What’s sure to be one of the biggest — if not the biggest — trades of the Major League Baseball offseason actually might be a perfect match.
The Boston Red Sox acquired Chris Sale from the Chicago White Sox on Tuesday for prospects Yoan Moncada, Michael Kopech, Luis Alexander Basabe and Victor Diaz. Both teams are surrendering a lot, but the trade very well could pay dividends for each club in the future.
The White Sox reportedly made Sale available at this season’s non-waiver trade deadline, but the asking price was (understandably) high. Rumors surrounding the Red Sox’s pursuit of Sale suggested the White Sox were asking for right fielder/American League MVP runner-up Mookie Betts and/or rookie left fielder Andrew Benintendi. By instead giving up just prospects this offseason, Boston seems to have nabbed Sale at a discount price.
Now, “just prospects” is an understatement. Moncada showed he wasn’t quite ready to play third base at the major league level in September, but that doesn’t change the fact the Red Sox paid $63 million for him when he defected from Cuba. MLB.com has Moncada ranked as Boston’s best prospect, with Kopech coming in at No. 5, Basabe at No. 8 and Diaz at No. 28.
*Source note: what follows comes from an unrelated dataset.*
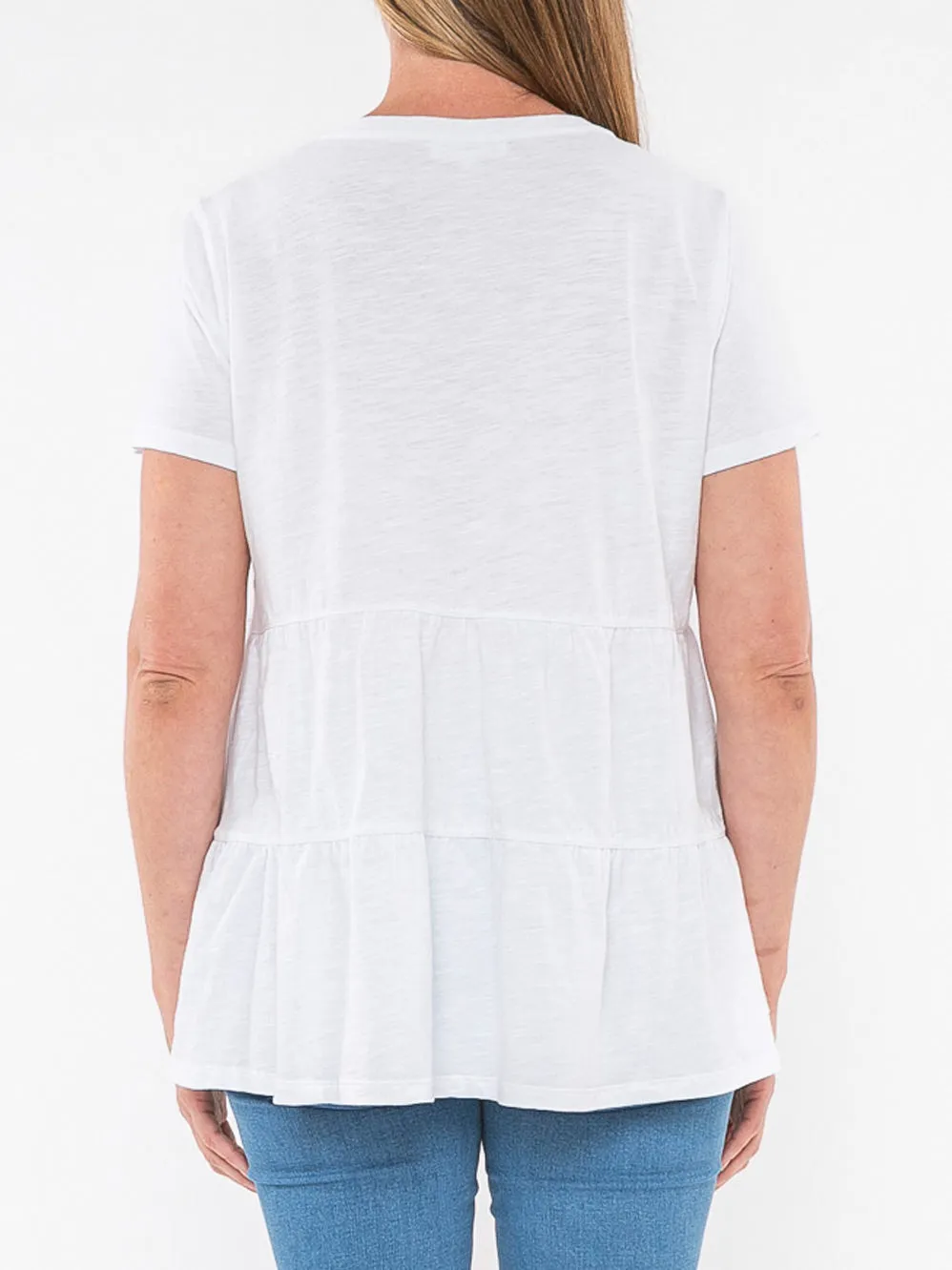 JUMP VEE NECK TIERED TEE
In addition to Moncada, who’s well-known, the Red Sox lost a hard-throwing starting pitching prospect in Kopech, a five-tool switch-hitter in Basabe and another pitcher in Diaz, yet they retained their entire young big league core for a five-time All-Star in his prime.
The White Sox have had one of the worst farm systems in baseball for a while, so this certainly is a huge haul for them. But the thing to remember about prospects is that nothing is guaranteed. Moncada and Kopech have the potential to be stars, but they also could fizzle out, and people could end up remembering that time the Red Sox got away with highway robbery.
Boston’s farm system takes a hit in this trade, but the Red Sox’s major league roster still is younger than most teams. Center fielder Jackie Bradley Jr., the oldest of the Red Sox’s young lineup of stars, is 26, and Betts and shortstop Xander Bogaerts both are 24. Benintendi is 22. Even if it takes a few years for the Red Sox to get their farm system back to where it was, all of those guys still would be under 30.
Sale has been an All-Star and has finished in the top six of AL Cy Young voting five seasons in a row. He went 17-10 on a White Sox team that finished 78-84, and he turned in a 3.34 ERA and 233 strikeouts in 2016. Not to mention, he went 6-0 with a 1.55 ERA against the AL East this season and joins a Boston rotation that includes reigning AL Cy Young winner Rick Porcello and 2012 Cy Young winner David Price.
Could Sale end up a complete bust? Of course. But so could all of the prospects the Red Sox gave up for him. So, at the end of the day, the two Sox teams break even in this trade: Boston gets a proven ace for its inconsistent rotation, and Chicago gets to start rebuilding with potentially great talent.